The impact of climate change on both Katumani composite and the hybrid cultivars is generally a decline in yield across most of the region, except in the Highland zones where precipitation will still be sufficient and the warming temperatures will be beneficial to maize. The increase in yield in northern Kenya and Uganda is due to several GCMs projecting an increase in precipitation there, but most of those areas will still be too dry to support maize.

This high resolution analysis revealed unexpected localized effects of climate change on yields. Local topography and soils play an important role determining how climate change is expected to affect crop growth and development. Each country has zones that will need individualized responses to climate change, from fertilizer programs, to development of heat resistant, longer season maize cultivars, to consideration of alternate crops.

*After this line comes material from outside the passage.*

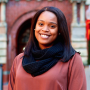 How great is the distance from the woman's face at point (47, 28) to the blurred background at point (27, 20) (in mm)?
5555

Adaptation will require a combination of practices depending on location – reducing water stress (e.g., irrigation or other water management practices) in some areas, selecting drought resistant varieties in some areas, focusing on highly productive varieties in the maize producing zones, and applying sufficient fertilizer almost everywhere.

Summary of the Impact of Climate Change on Crops

  1. Precipitation extremes and variability are already increasing affecting crop production, and are expected to increase.
  2. Warmer temperatures reduce plant productivity across wide areas.
  3. Warmer temperature, combined with low precipitation results in significant yield decline.
  4. Warmer temperatures accelerate plant development (phenology) and reduce growth duration and yield.
  5. The influence of future climate on maize yield is highly variable over space.
  6. Adaptive strategies and technological innovations for adaptation need to be geographically and socially specific.


Alagarswamy, Gopal, Jennifer Olson, Jeff Andresen, Nathan Moore, Philip Thornton, Pius Yanda, Joseph Maitima, Jenni Gronseth, David Campbell (2015). The Highly Variable Response of Maize Yield to Climate Change across East Africa. DOI: 10.13140/RG.2.1.4240.5921  Poster presented at the: 5th AgMIP Global Workshop, Gainesville FL, February 25, 2015. http://www.agmip.org/wp-content/uploads/2015/03/Alagarswamy-Gopal.pdf

Alagarswamy, G. JA Andresen, JM Olson, PK Thornton, NJ. Moore. 2013. Climate Change Impacts on Maize Production in East Africa. In proceeding of: The Association of American Geographers Annual Meeting.

Moore, N., Alagarswamy, G., Pijanowski, B., Thornton, P., Lofgren, B., Olson, J., Andresen, J., Yanda, P. and Qi, J. 2011. East African food security as influenced by future climate change and land use change at local to regional scales. Climatic Change June 10, 2011. Vol. 107. DOI: 10.1007/s10584-011-0116.